= Beginning of Section =
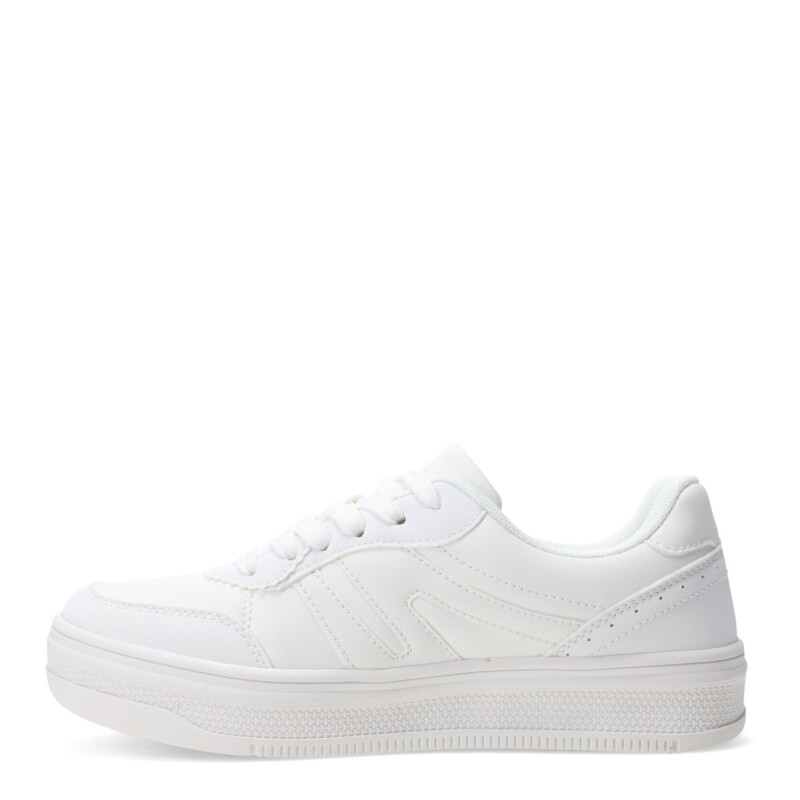 Championes de Mujer Miss Carol DELFI Blanco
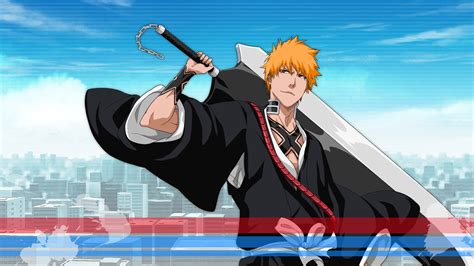 Anime Bleach Ps4 Wallpapers Wallpaper Cave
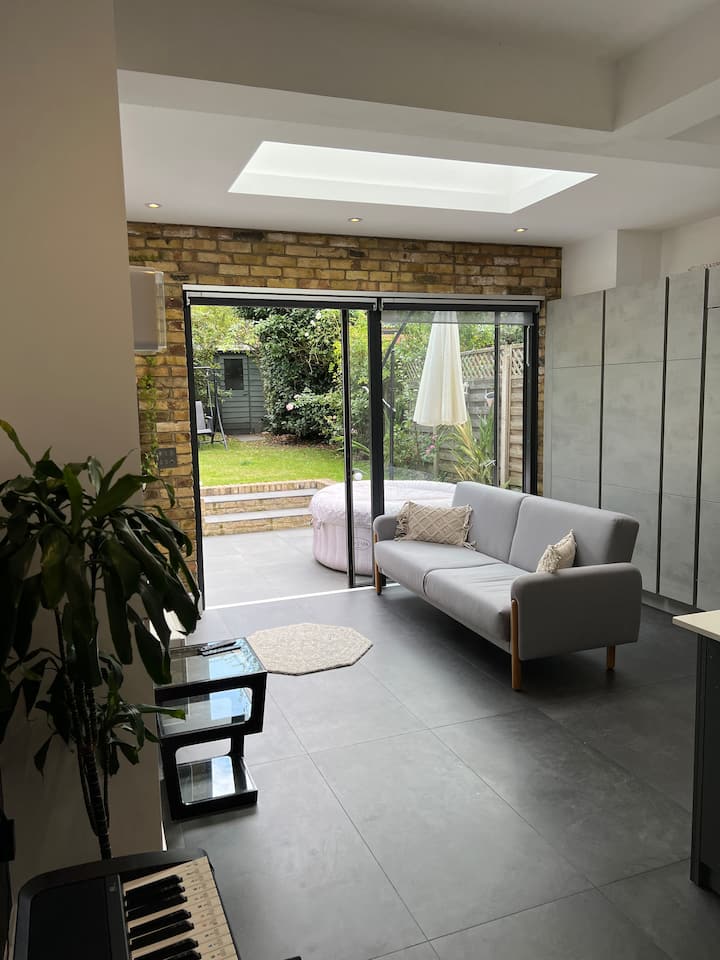 ห้องนั่งเล่น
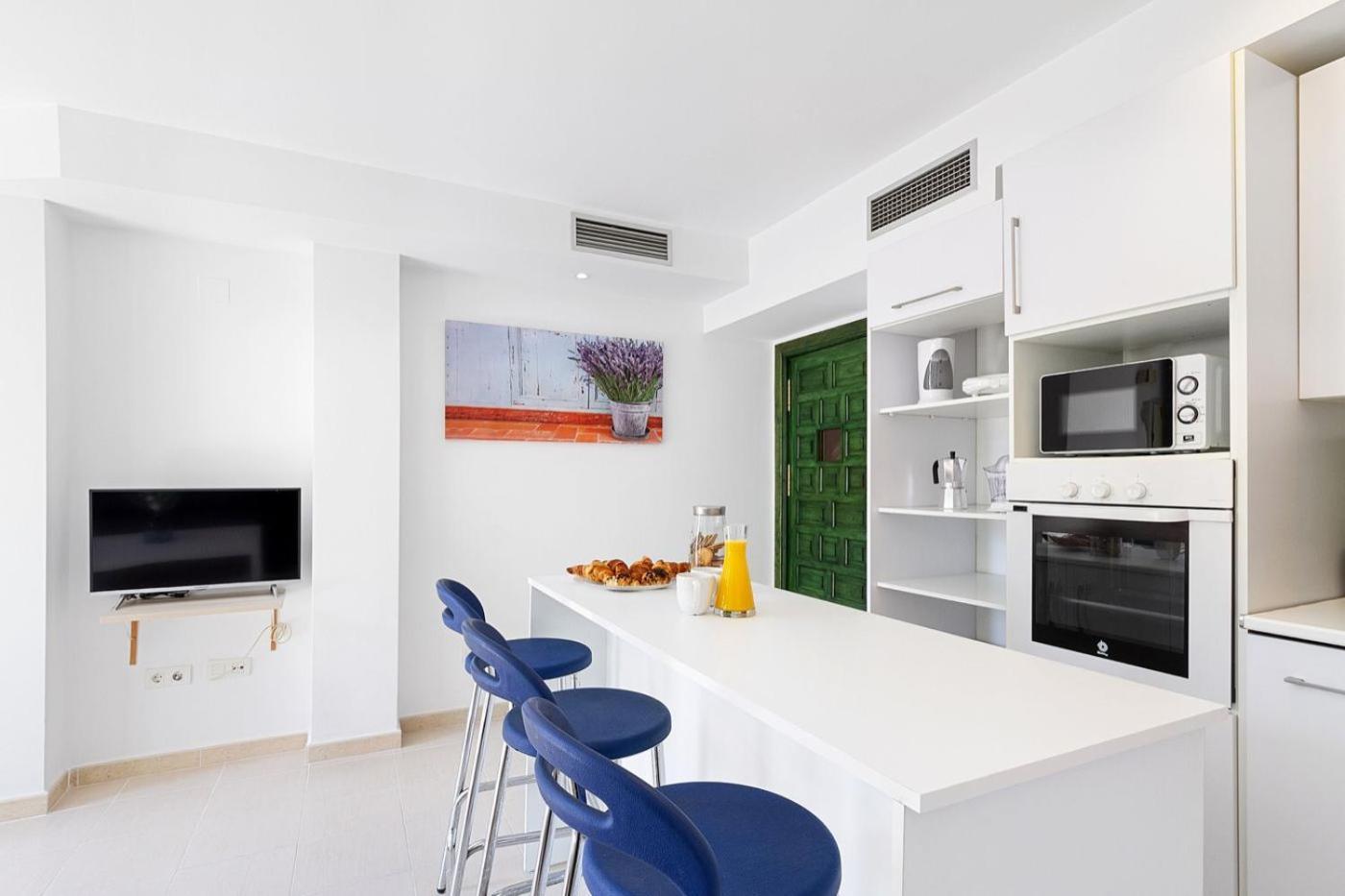 Villa Casita En Pedregalejo Con Terraza 19B Málaga Exterior foto
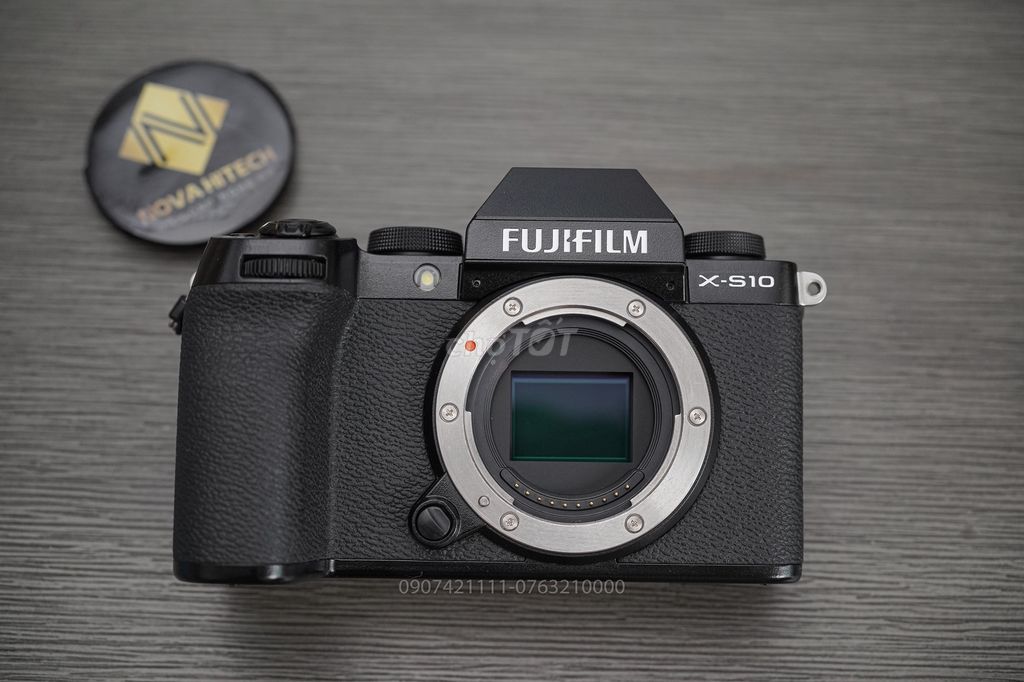 Fujifilm XS10 body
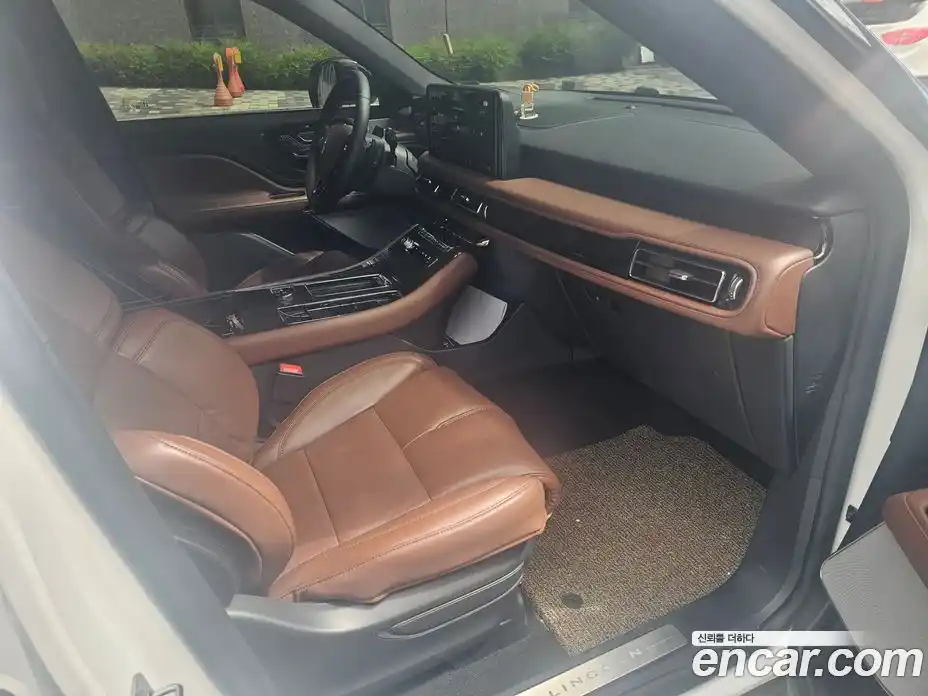 Lincoln Aviator 2025 3.0 гидро, фото 6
= End of Section =
• Aim of the task
Quote the entries above word for word. Leave the images out.

• Result for this task
 Championes de Mujer Miss Carol DELFI Blanco
 Anime Bleach Ps4 Wallpapers Wallpaper Cave
 ห้องนั่งเล่น
 Villa Casita En Pedregalejo Con Terraza 19B Málaga Exterior foto
 Fujifilm XS10 body
 Lincoln Aviator 2025 3.0 гидро, фото 6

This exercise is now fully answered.